Hours later, after midnight, we’d find ourselves twelve years old in Little Italy, screaming over Justin and Selena getting back together over chocolate cake and cannoli.


You may know her from her widely acclaimed novels, such as Plays As It Lays, and essay collections, such as The White Album, or you may recognize her from the iconic Spring/Summer 2015 Celine campaign ad shot by Juergen Teller that captures an older woman in a sleek silver bob, oversized pitch-black sunglasses, and a quintessential black dress on the couch of her Upper East Side apartment—a striking contribution to the shattering of the notion that beauty and style are contingent upon age, and an assertion that youth is not ephemeral.
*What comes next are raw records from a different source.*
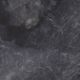 Керамогранит Laparet Aliot Blue, х9999286825, 60х60, серый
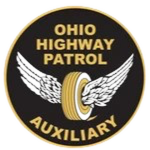 Ohio State Highway Patrol - Auxiliary Troop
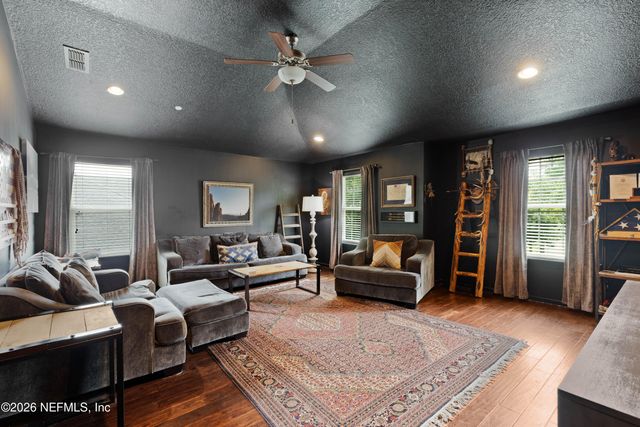 85073 BOSTICK WOOD Drive, Fernandina Beach, FL 32034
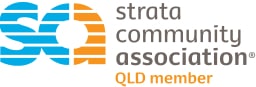 SCA QLD Member Logo 2
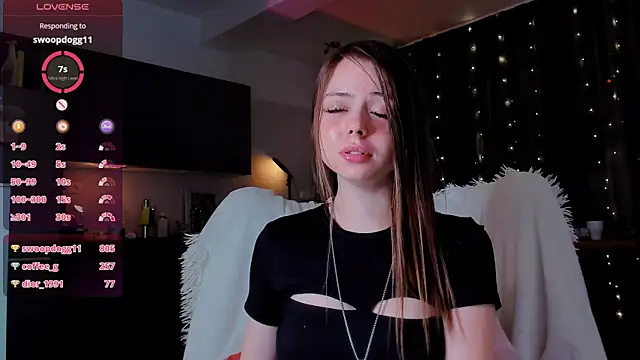 Snapshot of hype_meal_home chatting on March 1, 2025, 11:47 pm hype meal home online show from March 1, 2025, 11:47 pm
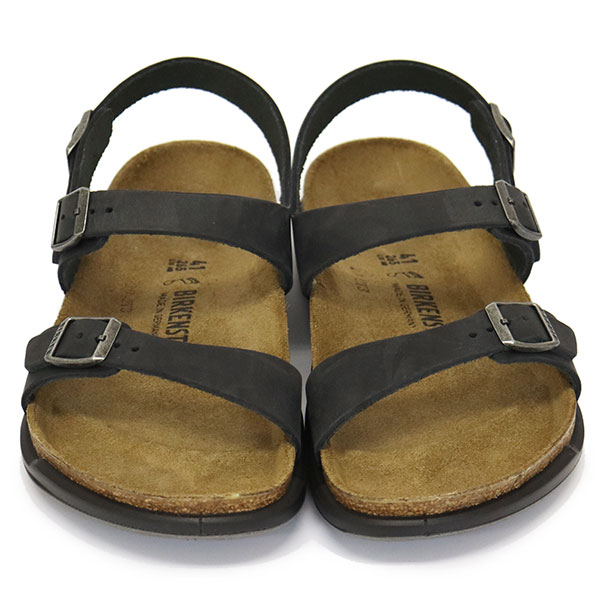 BIRKENSTOCK(ビルケンシュトック)正規取扱店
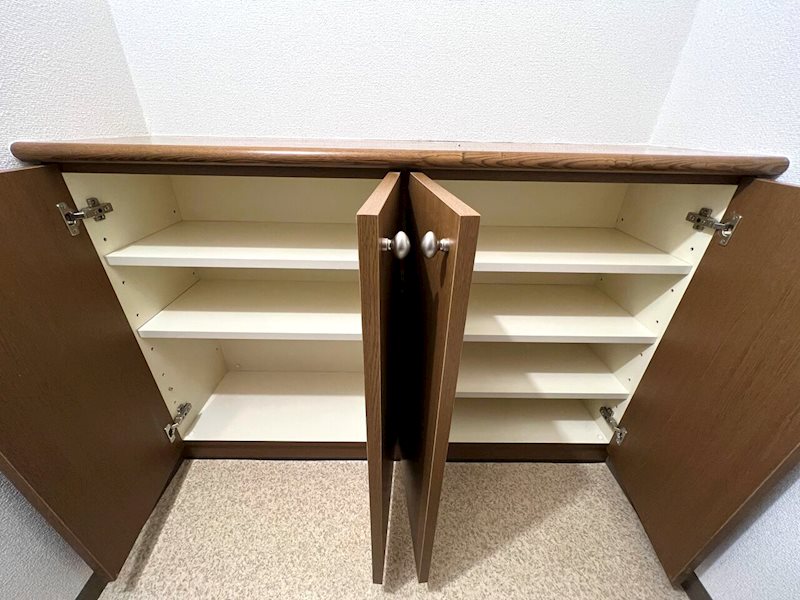 メインステージ白金高輪 その他5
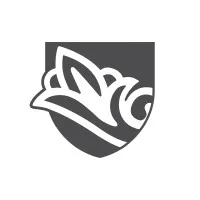 Saint Paul Business School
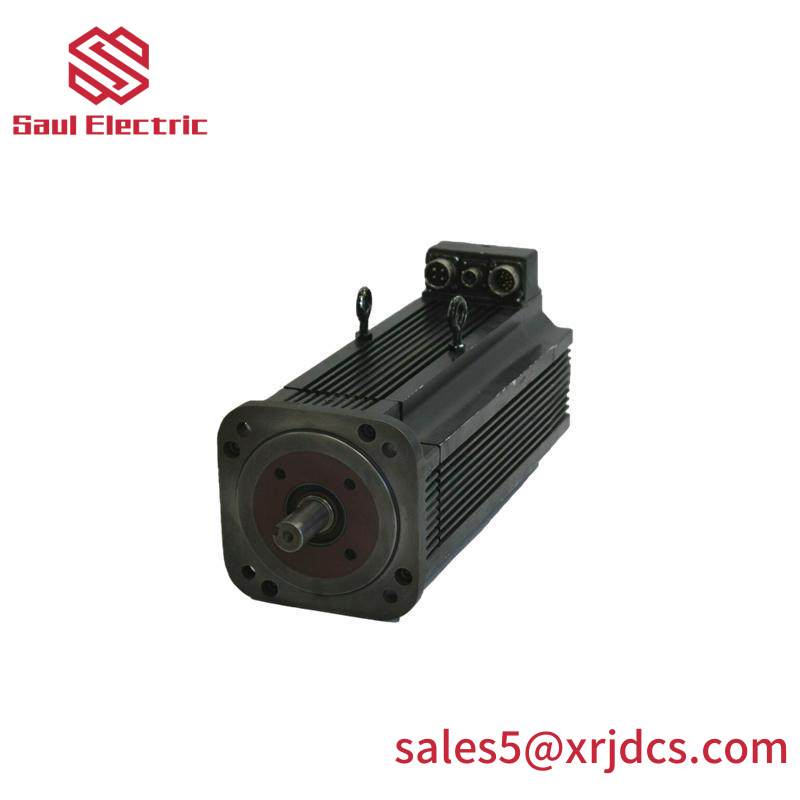 AB 1326AB-B515E-S2K5L SERVO MOTOR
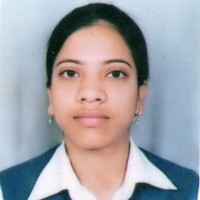 Deepmala Maurya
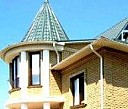 Деревянная урна для праха Нижний Тагил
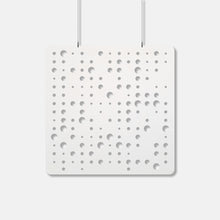 Afbeelding in Gallery-weergave laden, Room Divider Dots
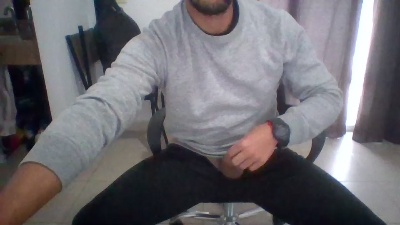juju0388 live cam on Cam4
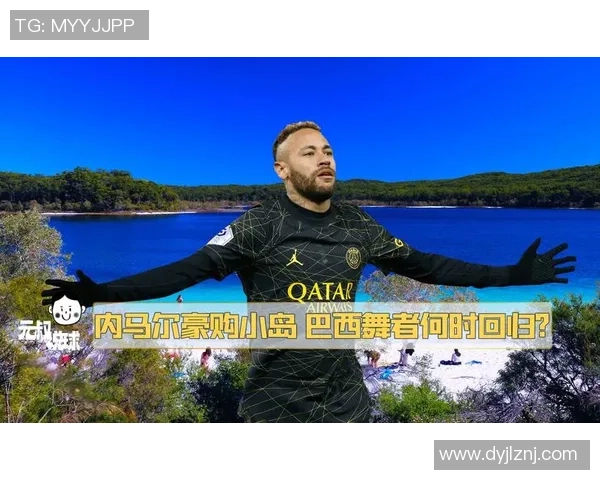 欧美足球明星的奢华生活与训练背后的真实故事揭秘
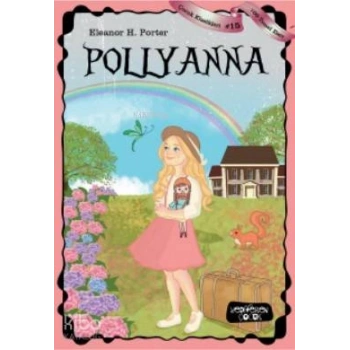 Pollyanna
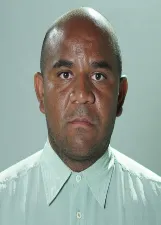 SANDRO NICACIO DE ARAUJO AQUINO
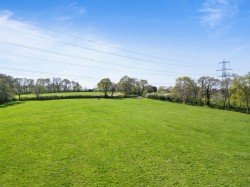 Images for East Hoathly, Lewes, East Sussex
Through her poignant memoirs and journalistic novels, Joan Didion, one of the great literary and fashion icons of our time, has taken readers through pivotal points of her life such as her first job writing sociopolitical pieces at Vogue, her marriage to her late husband John, the adoption of their daughter Quintana, their days as a family in the crux of the sex, drugs, and partying of 1960s California Rock ‘n’ Roll, the peace they later found in Malibu, and the passing of both her husband and daughter, two years apart.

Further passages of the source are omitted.